To put this into perspective, California's cannabis industry would be bigger than the current entire state budgets of several states according to the National Association of State Budget Officers. According to their numbers, Arkansas' annual budget for the entire state is currently 5.3 billion dollars. Delaware is 4.1 billion, Mississippi is 6.2 billion, South Dakota is 4.03 billion, and Vermont is 5.8 billion,
This is absolutely mind-blowing. California may have fallen behind other states with legalized recreational cannabis, but these states are going to have a hard time ever catching up to California when it comes to industry size.
Opportunities abound in an uncertain landscape
When people hear these types of numbers being thrown around, they tend to get excited, which is understandable. Everyone wants to get in on the action if possible, but people also need to be wary of being blinded by dollar signs.
There's so much dust that has yet to settle from new regulations on the medical cannabis industry, and if history is any guide, there are likely more regulations and changes on the way, especially if recreational cannabis is legalized.

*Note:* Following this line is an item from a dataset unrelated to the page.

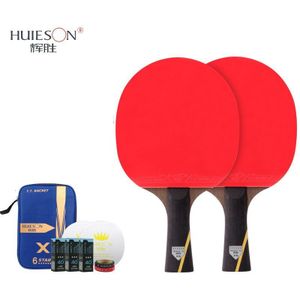 Huieson 6 Ster Tafeltennis Racket Set Carbon Ping Pong Racket Blade Padel Bat Inclusief Cover Tafeltennis Ballen Accessoires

In Oregon and Washington, the medical cannabis programs changed dramatically once recreational legalization rules were made. Legislatures took it as an opportunity to do a lot of tweaks (and sometimes outright harms) to the medical programs in the Northwest, all in the name of recreational cannabis rule making.
California recently passed medical cannabis regulations, but there's nothing stopping the California Legislature from making more legislative changes.
California's cannabis industry will continue to grow whether this years’ initiative passes or not. Recreational legalization would just add gas to the fire, as the saying goes.
Even if the mind-blowingly huge projected figure of 6.5 billion isn't achieved, the fact remains that California is an absolute powerhouse when it comes to industry size.
Will California legalize recreational cannabis in November 2016?